Abstract
Energy is a scarce resource in real-time embedded systems due to the fact that most of them run on batteries. Hence, the designers should ensure that the energy constraints are satisfied in addition to the deadline constraints. This necessitates the consideration of the impact of the interference due to shared, low-level hardware resources such as the cache on the worst-case energy consumption of the tasks. Toward this aim, this article proposes a fine-grained approach to analyze the bank-level interference (bank conflict and bus access interference) on real-time multicore systems, which can reasonably estimate runtime interferences in shared cache and yield tighter worst-case energy consumption. In addition, we develop a bank-to-core mapping algorithm for reducing bank-level interference and improving the worst-case energy consumption. The experimental results demonstrate that our approach can improve the tightness of worst-case energy consumption by 14.25% on average compared to upper-bound delay approach. The bank-to-core mapping provides significant benefits in worst-case energy consumption reduction with 7.23%.
Introduction
Real-time embedded systems are becoming widespread, ranging from sensor networks, Internet of Things (IoT) systems,1,2 and surveillance systems to satellite subsystems. For real-time embedded systems, energy consumption are important design issues, since most of them operate on batteries or drain energy from limited sources. Several authors have argued that when energy plays an important role, it should also become a key factor when it comes to making scheduling decisions.3–5 That is, in addition to ensuring the deadline constraints, designers also consider whether or not there is enough energy available in the system for the task to complete execution. As a consequence, besides bounding worst-case execution time (WCET) of a task, designers need to analyze the worst-case energy consumption (WCEC) of the task for avoiding potential system failures due to inadequate energy supply at runtime.
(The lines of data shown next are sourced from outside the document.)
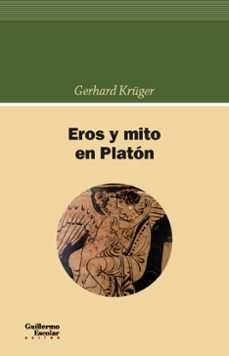 eros y mito en platon-gerhard kruger-9788417134181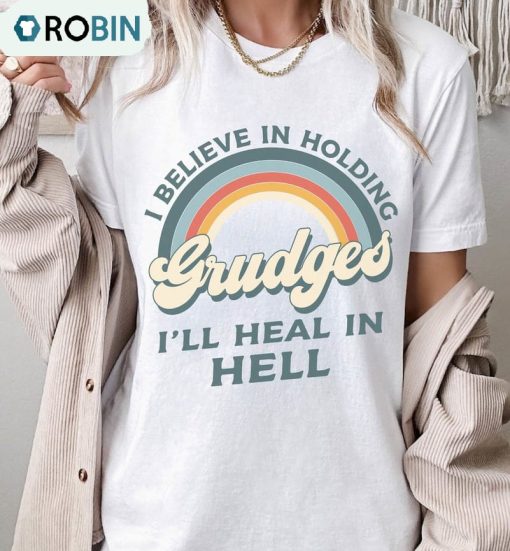 I Believe In Holding Grudges I’ll Heal In Hell Vintage Design Short Sleeve Sweatshirt
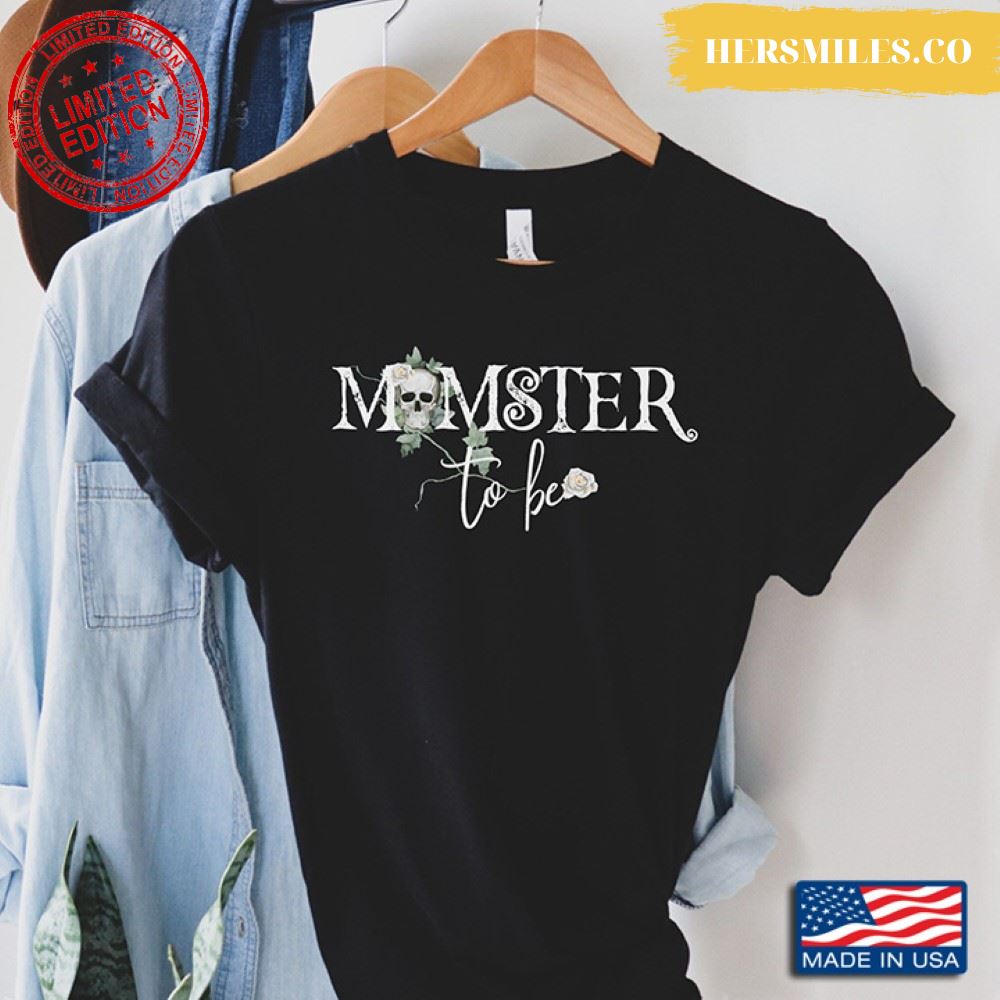 Momster To Be Skull for Halloween Shirt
Currently, real-time systems are increasingly moving toward multicore architectures. To mitigate the high latency of the off-chip memory, multicore architectures are usually equipped with the on-chip caches. The caches can significantly improve the performance, but its energy consumption is a concern, Several studies6,7 report that the cache energy consumption accounts for up to 50% of the overall chip due to its large on-chip area and high access frequency. Clearly, the caches are good candidates for energy optimization. Various techniques have been proposed over the years to reduce the energy consumption of the caches; however, in many of these works,8,9 cache energy models are not tailored to the worst case, and bank-level interference issues are not considered in all these works .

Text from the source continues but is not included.